Find the line below with "High-end house with". Print it and every line after it exactly, through the last line, leaving out the pictures.

Records shown START

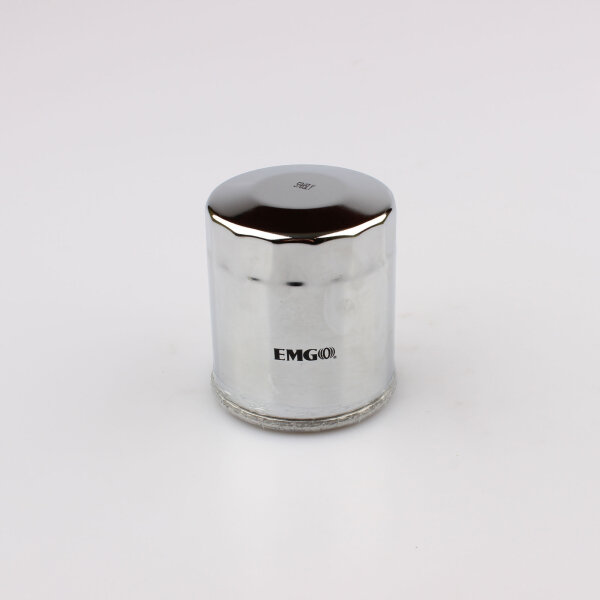 Oil filter chrome for Moto Guzzi Bellagio 940 Brava 850 1100 1200 ie 30153000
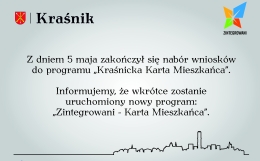 Zdjęcie - Będzie nowa Karta Mieszkańca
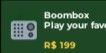 Boombox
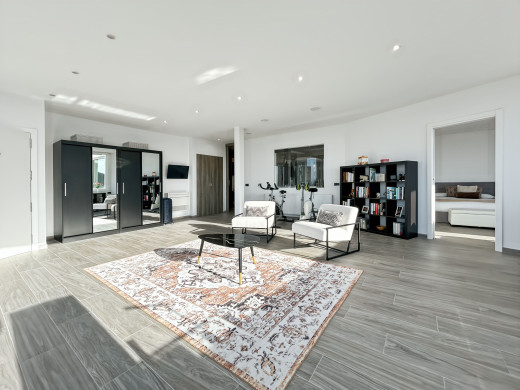 High-end house with sea and mountain views, Costa Brava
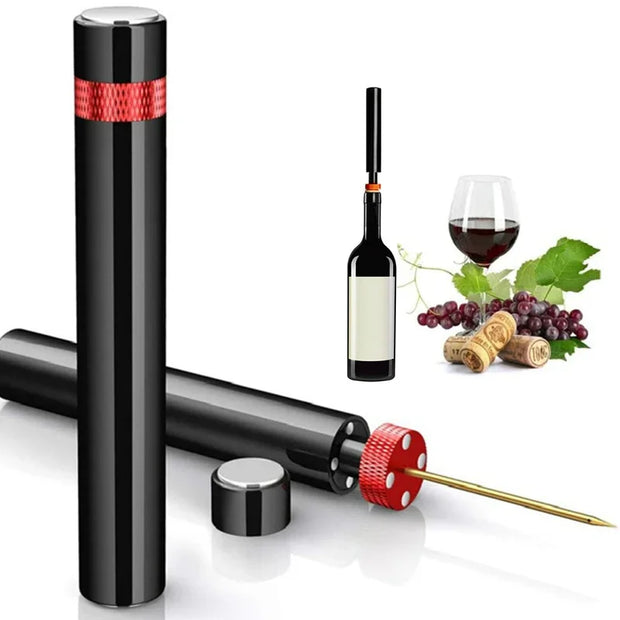 Air Pressure Corkscrew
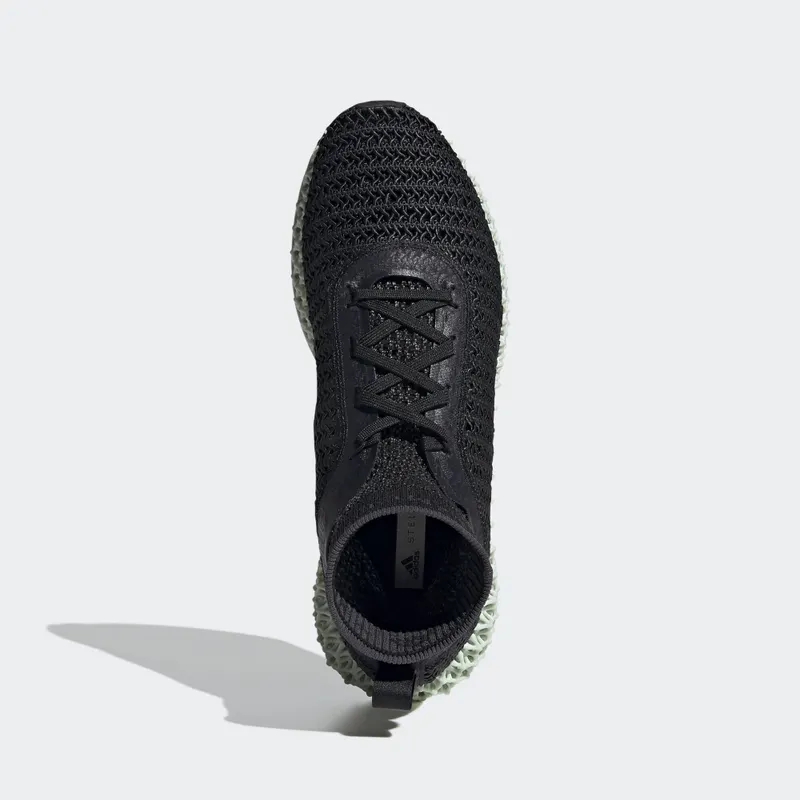 adidas Alphaedge 4D Stella McCartney Triple Black (W) Core Black/Core Black/Core Black (EH3488)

Records shown END

§ Solution to the problem:
 High-end house with sea and mountain views, Costa Brava
 Air Pressure Corkscrew
 adidas Alphaedge 4D Stella McCartney Triple Black (W) Core Black/Core Black/Core Black (EH3488)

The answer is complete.